**Study material**
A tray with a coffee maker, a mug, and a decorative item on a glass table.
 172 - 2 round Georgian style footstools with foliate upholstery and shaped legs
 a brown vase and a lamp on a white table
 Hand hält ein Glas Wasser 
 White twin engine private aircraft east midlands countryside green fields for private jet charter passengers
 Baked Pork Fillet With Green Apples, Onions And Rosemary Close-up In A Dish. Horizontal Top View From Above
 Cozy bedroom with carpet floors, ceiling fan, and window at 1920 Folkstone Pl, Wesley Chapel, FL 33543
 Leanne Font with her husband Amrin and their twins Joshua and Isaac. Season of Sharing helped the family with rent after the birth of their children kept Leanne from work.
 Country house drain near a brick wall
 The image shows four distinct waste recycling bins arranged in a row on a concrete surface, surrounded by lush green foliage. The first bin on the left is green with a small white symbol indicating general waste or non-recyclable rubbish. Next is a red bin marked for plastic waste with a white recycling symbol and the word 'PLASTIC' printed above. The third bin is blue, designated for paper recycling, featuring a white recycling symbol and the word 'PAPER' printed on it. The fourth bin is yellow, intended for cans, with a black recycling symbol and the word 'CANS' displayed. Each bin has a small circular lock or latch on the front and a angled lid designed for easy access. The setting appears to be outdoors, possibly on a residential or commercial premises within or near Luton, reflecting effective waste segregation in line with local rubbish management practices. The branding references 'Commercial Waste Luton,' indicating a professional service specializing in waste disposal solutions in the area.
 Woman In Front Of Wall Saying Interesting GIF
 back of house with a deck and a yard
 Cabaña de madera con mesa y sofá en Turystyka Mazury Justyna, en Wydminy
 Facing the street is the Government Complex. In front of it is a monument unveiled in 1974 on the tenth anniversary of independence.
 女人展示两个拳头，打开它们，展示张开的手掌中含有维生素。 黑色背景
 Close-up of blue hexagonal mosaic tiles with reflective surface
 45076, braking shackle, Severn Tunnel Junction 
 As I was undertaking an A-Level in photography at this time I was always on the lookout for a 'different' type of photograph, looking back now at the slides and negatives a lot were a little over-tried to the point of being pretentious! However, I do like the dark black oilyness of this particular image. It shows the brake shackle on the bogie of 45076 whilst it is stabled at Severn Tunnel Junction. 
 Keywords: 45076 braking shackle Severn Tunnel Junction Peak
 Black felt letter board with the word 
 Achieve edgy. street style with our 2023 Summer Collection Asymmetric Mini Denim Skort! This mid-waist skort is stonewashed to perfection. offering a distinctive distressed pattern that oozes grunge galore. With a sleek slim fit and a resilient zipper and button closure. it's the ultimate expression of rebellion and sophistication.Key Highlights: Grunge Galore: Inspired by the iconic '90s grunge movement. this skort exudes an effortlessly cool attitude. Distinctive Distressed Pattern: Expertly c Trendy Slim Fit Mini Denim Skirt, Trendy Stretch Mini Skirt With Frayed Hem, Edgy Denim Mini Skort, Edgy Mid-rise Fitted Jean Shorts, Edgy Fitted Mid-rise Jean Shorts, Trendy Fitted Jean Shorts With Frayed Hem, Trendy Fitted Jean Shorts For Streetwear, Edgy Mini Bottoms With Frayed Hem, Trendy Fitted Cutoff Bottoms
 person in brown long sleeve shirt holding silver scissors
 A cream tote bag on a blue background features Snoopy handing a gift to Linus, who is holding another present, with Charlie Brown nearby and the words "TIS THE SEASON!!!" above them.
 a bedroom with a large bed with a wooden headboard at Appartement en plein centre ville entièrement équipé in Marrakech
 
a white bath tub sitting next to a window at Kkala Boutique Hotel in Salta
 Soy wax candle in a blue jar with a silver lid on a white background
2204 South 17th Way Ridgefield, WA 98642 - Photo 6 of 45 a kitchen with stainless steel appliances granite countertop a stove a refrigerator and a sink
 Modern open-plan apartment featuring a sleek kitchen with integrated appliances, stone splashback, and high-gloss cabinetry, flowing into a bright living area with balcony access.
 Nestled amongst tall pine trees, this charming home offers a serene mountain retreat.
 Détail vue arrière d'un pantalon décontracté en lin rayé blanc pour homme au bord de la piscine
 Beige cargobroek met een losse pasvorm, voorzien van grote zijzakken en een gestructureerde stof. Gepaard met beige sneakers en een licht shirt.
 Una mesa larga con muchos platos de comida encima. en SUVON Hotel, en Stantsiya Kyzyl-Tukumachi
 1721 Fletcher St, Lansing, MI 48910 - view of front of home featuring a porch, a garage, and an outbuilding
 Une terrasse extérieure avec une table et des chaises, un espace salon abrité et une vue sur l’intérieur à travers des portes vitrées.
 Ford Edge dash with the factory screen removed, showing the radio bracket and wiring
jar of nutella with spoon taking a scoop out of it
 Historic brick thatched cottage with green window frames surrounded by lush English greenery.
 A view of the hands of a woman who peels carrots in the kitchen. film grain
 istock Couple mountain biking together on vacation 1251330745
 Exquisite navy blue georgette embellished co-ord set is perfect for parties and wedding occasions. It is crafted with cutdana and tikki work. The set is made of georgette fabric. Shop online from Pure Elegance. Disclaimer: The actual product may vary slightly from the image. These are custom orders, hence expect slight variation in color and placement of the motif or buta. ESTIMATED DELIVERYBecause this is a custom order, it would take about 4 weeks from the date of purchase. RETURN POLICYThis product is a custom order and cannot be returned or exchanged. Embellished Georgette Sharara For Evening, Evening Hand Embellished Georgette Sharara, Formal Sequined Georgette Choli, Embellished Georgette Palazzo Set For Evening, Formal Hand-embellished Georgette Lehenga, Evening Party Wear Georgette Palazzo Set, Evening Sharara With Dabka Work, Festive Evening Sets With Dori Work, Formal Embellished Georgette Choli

**Exercise**
Your reply must consist of the entire listing, repeated word for word.

**Solved problem**
A tray with a coffee maker, a mug, and a decorative item on a glass table.
 172 - 2 round Georgian style footstools with foliate upholstery and shaped legs
 a brown vase and a lamp on a white table
 Hand hält ein Glas Wasser 
 White twin engine private aircraft east midlands countryside green fields for private jet charter passengers
 Baked Pork Fillet With Green Apples, Onions And Rosemary Close-up In A Dish. Horizontal Top View From Above
 Cozy bedroom with carpet floors, ceiling fan, and window at 1920 Folkstone Pl, Wesley Chapel, FL 33543
 Leanne Font with her husband Amrin and their twins Joshua and Isaac. Season of Sharing helped the family with rent after the birth of their children kept Leanne from work.
 Country house drain near a brick wall
 The image shows four distinct waste recycling bins arranged in a row on a concrete surface, surrounded by lush green foliage. The first bin on the left is green with a small white symbol indicating general waste or non-recyclable rubbish. Next is a red bin marked for plastic waste with a white recycling symbol and the word 'PLASTIC' printed above. The third bin is blue, designated for paper recycling, featuring a white recycling symbol and the word 'PAPER' printed on it. The fourth bin is yellow, intended for cans, with a black recycling symbol and the word 'CANS' displayed. Each bin has a small circular lock or latch on the front and a angled lid designed for easy access. The setting appears to be outdoors, possibly on a residential or commercial premises within or near Luton, reflecting effective waste segregation in line with local rubbish management practices. The branding references 'Commercial Waste Luton,' indicating a professional service specializing in waste disposal solutions in the area.
 Woman In Front Of Wall Saying Interesting GIF
 back of house with a deck and a yard
 Cabaña de madera con mesa y sofá en Turystyka Mazury Justyna, en Wydminy
 Facing the street is the Government Complex. In front of it is a monument unveiled in 1974 on the tenth anniversary of independence.
 女人展示两个拳头，打开它们，展示张开的手掌中含有维生素。 黑色背景
 Close-up of blue hexagonal mosaic tiles with reflective surface
 45076, braking shackle, Severn Tunnel Junction 
 As I was undertaking an A-Level in photography at this time I was always on the lookout for a 'different' type of photograph, looking back now at the slides and negatives a lot were a little over-tried to the point of being pretentious! However, I do like the dark black oilyness of this particular image. It shows the brake shackle on the bogie of 45076 whilst it is stabled at Severn Tunnel Junction. 
 Keywords: 45076 braking shackle Severn Tunnel Junction Peak
 Black felt letter board with the word 
 Achieve edgy. street style with our 2023 Summer Collection Asymmetric Mini Denim Skort! This mid-waist skort is stonewashed to perfection. offering a distinctive distressed pattern that oozes grunge galore. With a sleek slim fit and a resilient zipper and button closure. it's the ultimate expression of rebellion and sophistication.Key Highlights: Grunge Galore: Inspired by the iconic '90s grunge movement. this skort exudes an effortlessly cool attitude. Distinctive Distressed Pattern: Expertly c Trendy Slim Fit Mini Denim Skirt, Trendy Stretch Mini Skirt With Frayed Hem, Edgy Denim Mini Skort, Edgy Mid-rise Fitted Jean Shorts, Edgy Fitted Mid-rise Jean Shorts, Trendy Fitted Jean Shorts With Frayed Hem, Trendy Fitted Jean Shorts For Streetwear, Edgy Mini Bottoms With Frayed Hem, Trendy Fitted Cutoff Bottoms
 person in brown long sleeve shirt holding silver scissors
 A cream tote bag on a blue background features Snoopy handing a gift to Linus, who is holding another present, with Charlie Brown nearby and the words "TIS THE SEASON!!!" above them.
 a bedroom with a large bed with a wooden headboard at Appartement en plein centre ville entièrement équipé in Marrakech
 
a white bath tub sitting next to a window at Kkala Boutique Hotel in Salta
 Soy wax candle in a blue jar with a silver lid on a white background
2204 South 17th Way Ridgefield, WA 98642 - Photo 6 of 45 a kitchen with stainless steel appliances granite countertop a stove a refrigerator and a sink
 Modern open-plan apartment featuring a sleek kitchen with integrated appliances, stone splashback, and high-gloss cabinetry, flowing into a bright living area with balcony access.
 Nestled amongst tall pine trees, this charming home offers a serene mountain retreat.
 Détail vue arrière d'un pantalon décontracté en lin rayé blanc pour homme au bord de la piscine
 Beige cargobroek met een losse pasvorm, voorzien van grote zijzakken en een gestructureerde stof. Gepaard met beige sneakers en een licht shirt.
 Una mesa larga con muchos platos de comida encima. en SUVON Hotel, en Stantsiya Kyzyl-Tukumachi
 1721 Fletcher St, Lansing, MI 48910 - view of front of home featuring a porch, a garage, and an outbuilding
 Une terrasse extérieure avec une table et des chaises, un espace salon abrité et une vue sur l’intérieur à travers des portes vitrées.
 Ford Edge dash with the factory screen removed, showing the radio bracket and wiring
jar of nutella with spoon taking a scoop out of it
 Historic brick thatched cottage with green window frames surrounded by lush English greenery.
 A view of the hands of a woman who peels carrots in the kitchen. film grain
 istock Couple mountain biking together on vacation 1251330745
 Exquisite navy blue georgette embellished co-ord set is perfect for parties and wedding occasions. It is crafted with cutdana and tikki work. The set is made of georgette fabric. Shop online from Pure Elegance. Disclaimer: The actual product may vary slightly from the image. These are custom orders, hence expect slight variation in color and placement of the motif or buta. ESTIMATED DELIVERYBecause this is a custom order, it would take about 4 weeks from the date of purchase. RETURN POLICYThis product is a custom order and cannot be returned or exchanged. Embellished Georgette Sharara For Evening, Evening Hand Embellished Georgette Sharara, Formal Sequined Georgette Choli, Embellished Georgette Palazzo Set For Evening, Formal Hand-embellished Georgette Lehenga, Evening Party Wear Georgette Palazzo Set, Evening Sharara With Dabka Work, Festive Evening Sets With Dori Work, Formal Embellished Georgette Choli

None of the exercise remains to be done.